Director: Chris Weitz

Time Out rating

Average user rating
95 reviews

Movie review

From Time Out London

Bland, bloodless and bereft of magic, New Line’s corporate sanitisation of Philip Pullman’s exciting, provocative fantasy novel, ‘The Northern Lights’, strips the book of its humanity and soul.

Just as the church-like Magisterium and the glacially glamorous Mrs Coulter (Nicole Kidman) are rumoured to be severing pre-pubescent children from their animal daemons (an external ‘familiar’ representing their inner soul), so this clinical dissection of Pullman’s vividly imagined parallel world cuts away the warm flesh and leaves only the bare bones.

The skeleton of the plot remains, albeit in a compacted, confusing form.

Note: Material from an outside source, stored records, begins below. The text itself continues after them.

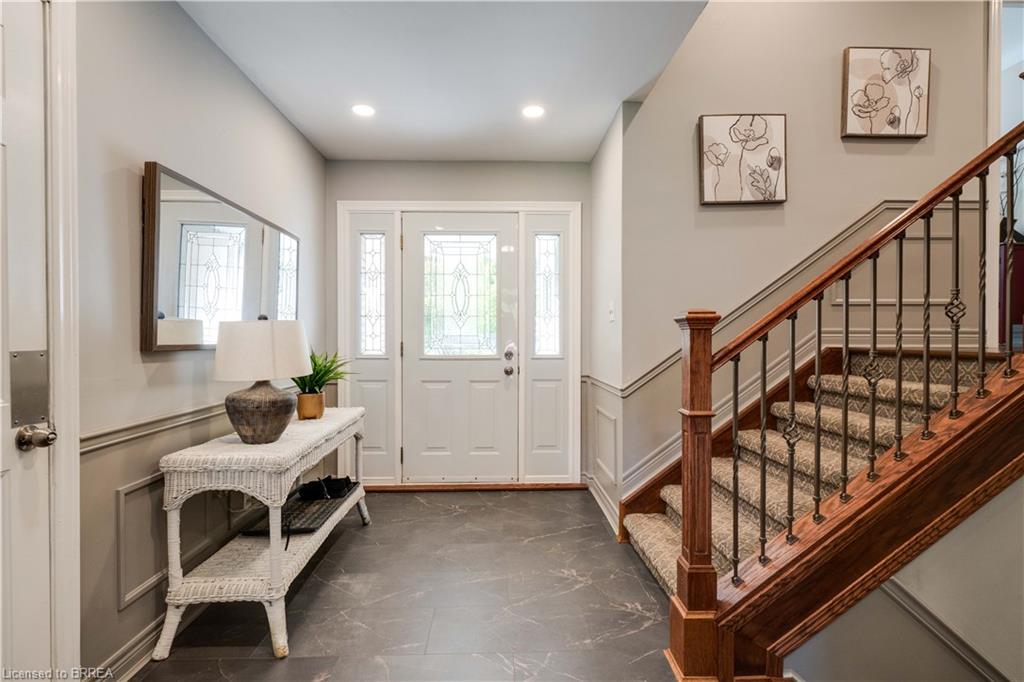 4 Adelaide Avenue, Brantford, ON - Indoor Photo Showing Other Room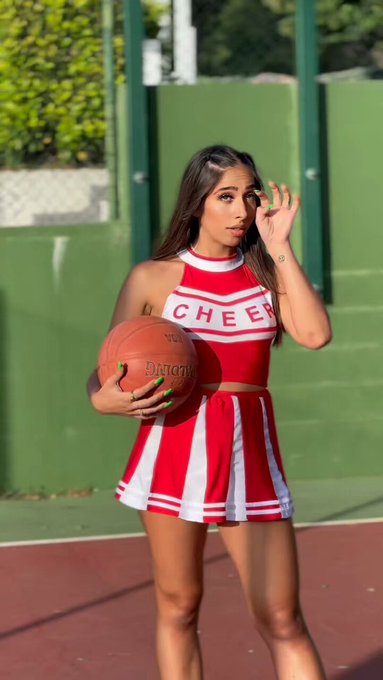 Asereje est&aacute; ✈️ en Spotify , ve a escucharla t&uacute; igual⬇️ Asereje sta ✈️ su Spotify, va a ascoltarla anche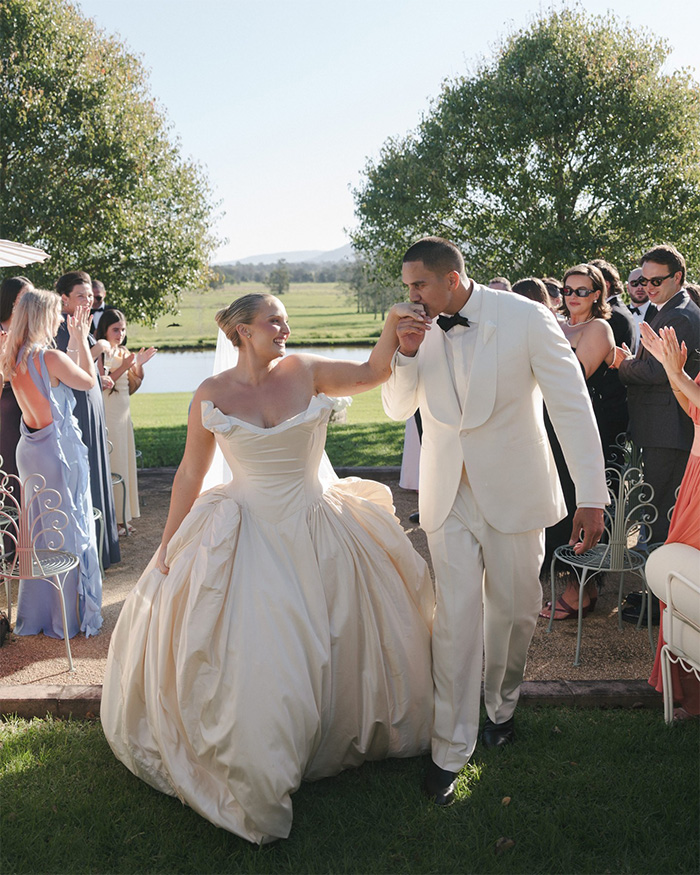 Modelo plus size provoca reação renovada sobre seu vestido de noiva depois que ela chega à revista Vogue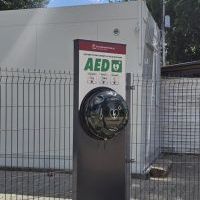 DEFIBRYLATORY AED  (8)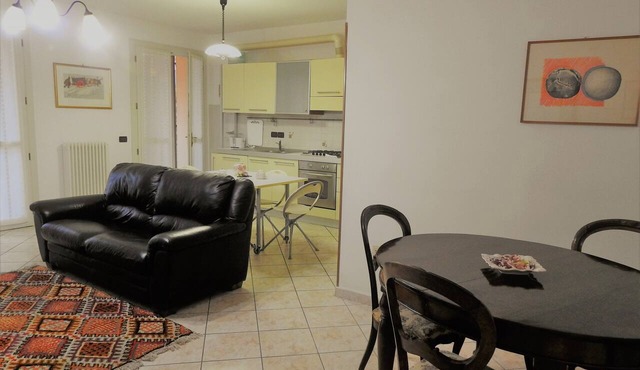 Beautiful apartment in the center, with reserved parking space, 4 beds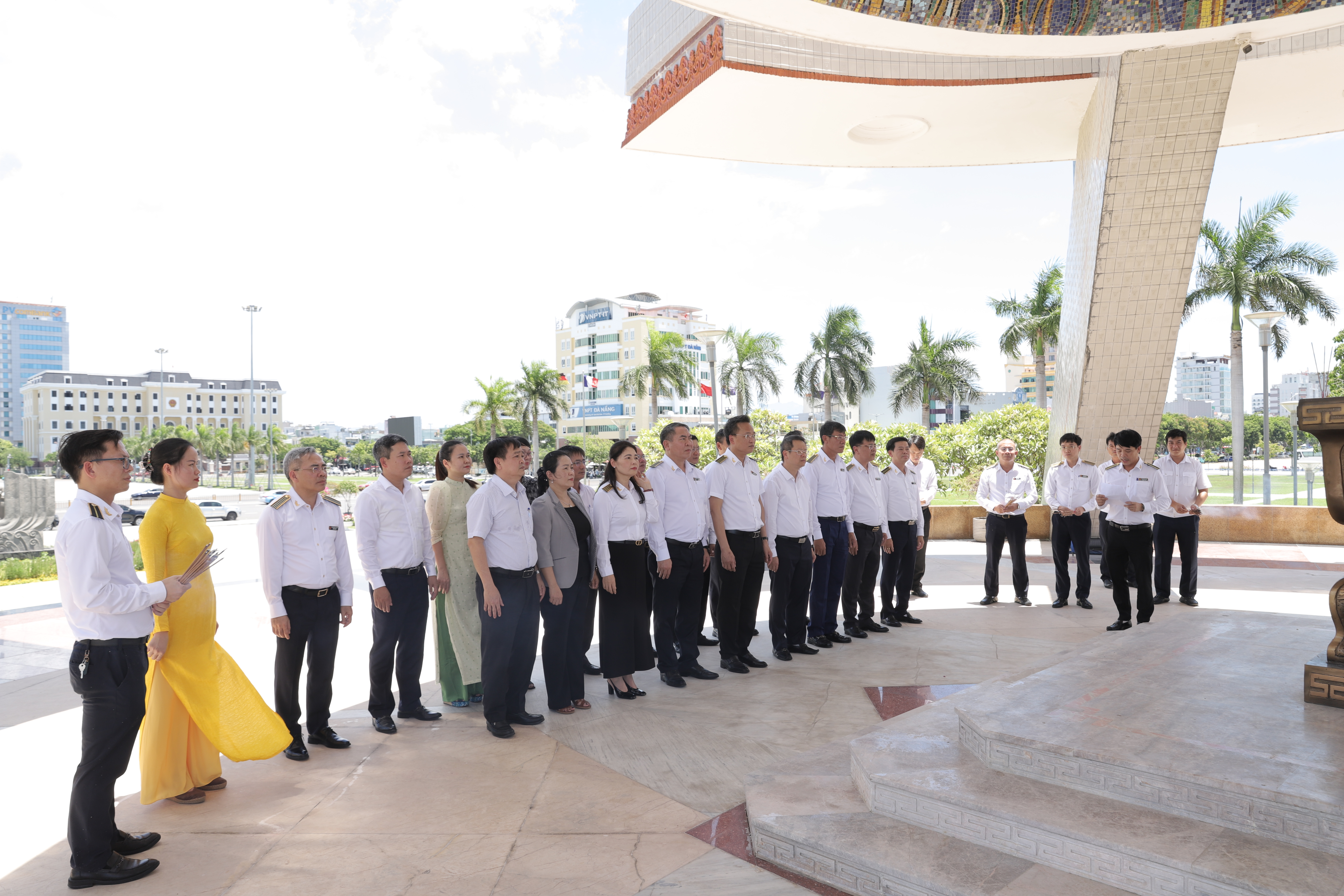 Tổng Kiểm toán nhà nước dâng hương tri ân các Anh hùng liệt sĩ, thăm gia đình chính sách tại Đà Nẵng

While zeppelins float above an alternate Oxford’s dreaming spires, wilful 12-year-old orphan Lyra Belacqua (Dakota Blue Richards) swears to rescue her kitchen-boy friend Roger from his child-cutter abductors. Lyra’s epic quest takes her to the frozen wastes of the Arctic Circle. Here, with the help of Lord Faa’s good-hearted Gyptians, ferocious ice bear Iorek Byrnison (badly voiced by a miscast Ian McKellen), cowboy aeronaut Lee Scoresby (Sam Elliott), witch queen Serafina Pekkala (Eva Green) and a precious truth-telling instrument called an alethiometer, she confronts her enemies: the corrupt king of the ice bears, Ragnar Sturlusson (Ian McShane), the cruel Mrs Coulter (Kidman typecast as an ice queen) and hordes of Tartar henchmen.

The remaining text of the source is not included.